The proposal, set to go before the state Board of Education later this month, eliminates the “student impact” rating, which was largely determined by state test scores. Instead, the department seeks to fold those results into a new rating that would also include in-person evaluations by supervisors.

“There is wide variation in the success with which individual educators impact student learning,” state education commissioner Mitchell Chester said in a memo to the board. “Because the core work of schools is teaching and learning, I believe that our evaluation framework must reflect both educator practice and student results.”

The current rules, approved in 2011, require districts to give teachers and administrators a “student impact” rating based largely on scores from at least two exams or other measures of student performance. Districts also rate educators on practice, taking into account classroom observations, lesson plans or student work. The ratings are then combined to determine whether an educator is exemplary, proficient, in need of improvement or unsatisfactory.

Most Massachusetts districts started grading teachers under the new evaluation system in 2013 but were slow to design and implement their student impact ratings.
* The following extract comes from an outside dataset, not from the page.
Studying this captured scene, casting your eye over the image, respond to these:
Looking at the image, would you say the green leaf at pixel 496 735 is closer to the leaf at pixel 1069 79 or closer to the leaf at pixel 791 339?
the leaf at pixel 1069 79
By the 2014–15 school year, nearly 10 percent of educators were considered exemplary and 86 percent were deemed proficient, while less than 5 percent were rated unsatisfactory or in need of improvement, according to state data.
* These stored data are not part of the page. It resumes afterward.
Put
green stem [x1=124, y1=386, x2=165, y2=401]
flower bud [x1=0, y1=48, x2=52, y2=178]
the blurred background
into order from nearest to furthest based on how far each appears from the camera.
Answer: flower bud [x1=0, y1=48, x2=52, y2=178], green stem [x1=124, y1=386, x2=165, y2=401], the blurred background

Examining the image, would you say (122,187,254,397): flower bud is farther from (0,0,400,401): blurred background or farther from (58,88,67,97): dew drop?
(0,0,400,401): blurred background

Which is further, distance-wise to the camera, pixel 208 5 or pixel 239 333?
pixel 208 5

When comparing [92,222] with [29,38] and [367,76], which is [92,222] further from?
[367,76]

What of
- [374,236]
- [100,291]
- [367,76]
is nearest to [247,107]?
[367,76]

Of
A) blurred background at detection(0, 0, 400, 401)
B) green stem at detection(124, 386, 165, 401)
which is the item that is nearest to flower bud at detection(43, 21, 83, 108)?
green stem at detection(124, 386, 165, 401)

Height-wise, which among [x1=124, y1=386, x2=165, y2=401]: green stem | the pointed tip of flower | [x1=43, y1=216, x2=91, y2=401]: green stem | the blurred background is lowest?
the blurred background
Teachers unions and other groups have argued that using test scores in teacher evaluations encourages teaching to the test and that the results do not measure teacher effectiveness.
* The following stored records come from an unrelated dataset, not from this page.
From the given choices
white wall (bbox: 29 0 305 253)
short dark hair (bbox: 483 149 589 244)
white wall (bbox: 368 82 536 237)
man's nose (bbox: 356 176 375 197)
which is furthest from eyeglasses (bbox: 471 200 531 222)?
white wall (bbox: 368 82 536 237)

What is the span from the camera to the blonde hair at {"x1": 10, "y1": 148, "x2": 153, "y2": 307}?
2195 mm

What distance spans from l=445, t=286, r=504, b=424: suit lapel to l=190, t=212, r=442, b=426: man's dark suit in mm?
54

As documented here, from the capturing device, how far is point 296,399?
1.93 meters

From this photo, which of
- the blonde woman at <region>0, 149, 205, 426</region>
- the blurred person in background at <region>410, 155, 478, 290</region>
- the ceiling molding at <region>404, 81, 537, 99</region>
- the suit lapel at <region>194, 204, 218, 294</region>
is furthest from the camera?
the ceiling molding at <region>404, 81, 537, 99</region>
“We don’t resist corrective action,” Richard Stutman, president of the Boston Teachers Union, told The 74. “We do resist what we would call a phony attempt to grade teachers based on student test scores.”

Glenn Koocher, executive director of the Massachusetts Association of School Committees, said there was also widespread suspicion that incorporating student test scores into educator evaluations would lay the groundwork for the state to start more charter schools — a subject of bitter debate in the last election.

Folding test scores into one rating might make the whole evaluation system an easier political pill to swallow, but some districts will still face tough negotiations with teachers unions over how those assessments are used in job reviews, he added.

“I thought it was a relatively ingenious [move] by the commissioner to allow himself to boast that impact ratings remain while integrating them into the overall evaluation system, where they would be subject to collective bargaining,” Koocher said.

The Massachussettts Association of School Superintendents also opposed the student impact ratings and supports the change. 

The Obama administration encouraged states to include student achievement in teacher evaluations through its Race to the Top grant program and through waivers under the No Child Left Behind Act. Massachusetts, for example, won a $250 million grant. The multimillion-dollar incentives worked: The number of states requiring districts to use evidence of student learning in their evaluation systems grew from 15 in 2009 to 40 in 2017, according to a recently released report by the National Council on Teacher Quality.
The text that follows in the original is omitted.